→ **What the task asks**: Range to copy from the entries below: the line containing "Leonidas Spartan Warrior" through the line containing "Image of 12pcs", inclusive. Retype only those lines, exactly, without any images.

→ **Data provided**:
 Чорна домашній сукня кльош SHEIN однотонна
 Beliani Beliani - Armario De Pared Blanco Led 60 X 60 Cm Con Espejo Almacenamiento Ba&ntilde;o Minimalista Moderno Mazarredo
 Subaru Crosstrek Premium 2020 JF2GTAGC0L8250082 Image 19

* * *

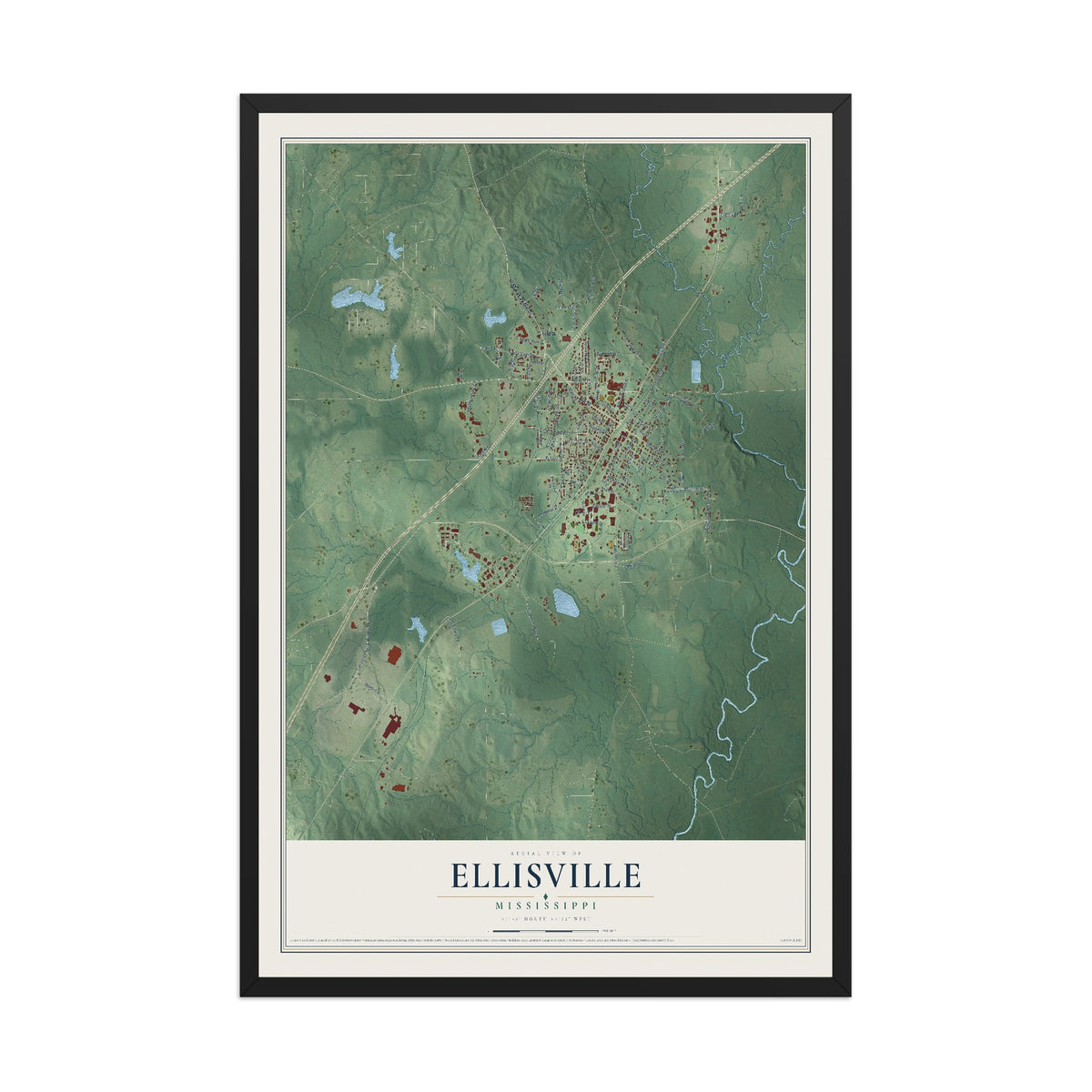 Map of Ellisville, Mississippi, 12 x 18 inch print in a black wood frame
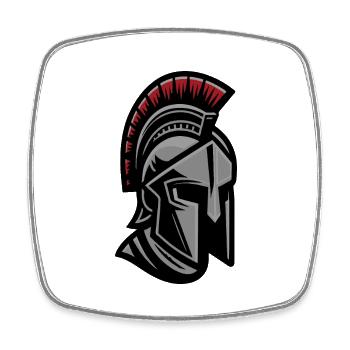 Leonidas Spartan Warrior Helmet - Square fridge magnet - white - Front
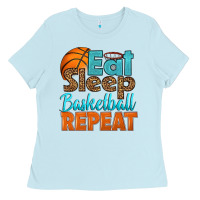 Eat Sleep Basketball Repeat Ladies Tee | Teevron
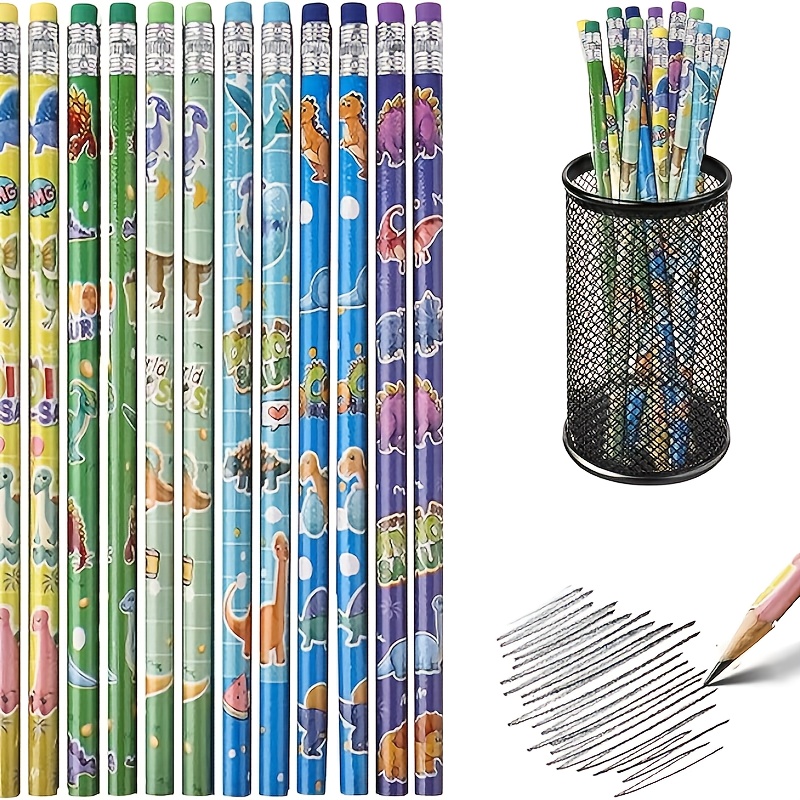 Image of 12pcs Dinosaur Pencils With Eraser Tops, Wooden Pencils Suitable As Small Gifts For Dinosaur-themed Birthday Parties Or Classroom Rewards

--

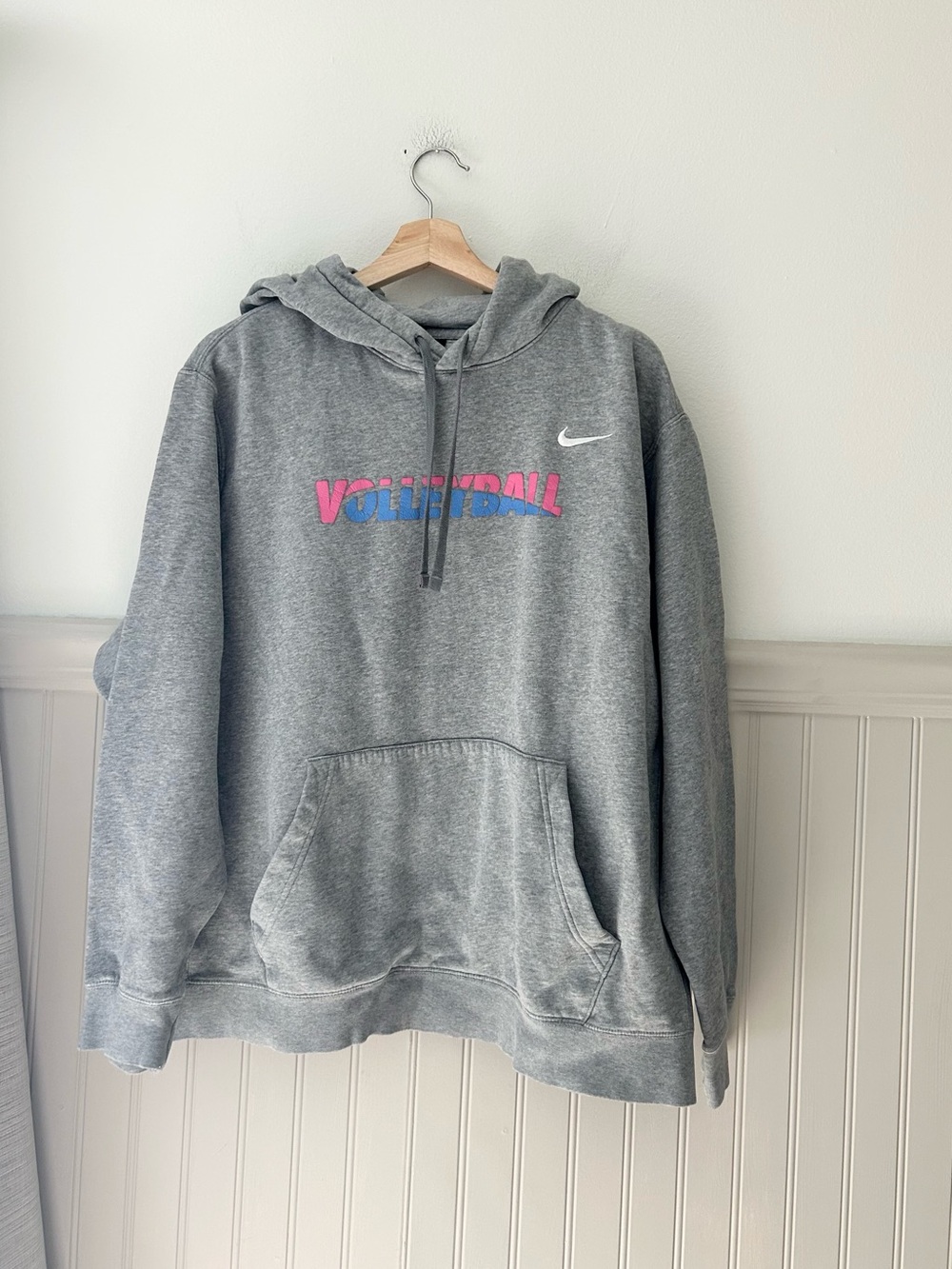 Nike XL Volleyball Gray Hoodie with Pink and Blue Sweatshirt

→ **Answer to this task**:
 Leonidas Spartan Warrior Helmet - Square fridge magnet - white - Front
 Eat Sleep Basketball Repeat Ladies Tee | Teevron
 Image of 12pcs Dinosaur Pencils With Eraser Tops, Wooden Pencils Suitable As Small Gifts For Dinosaur-themed Birthday Parties Or Classroom Rewards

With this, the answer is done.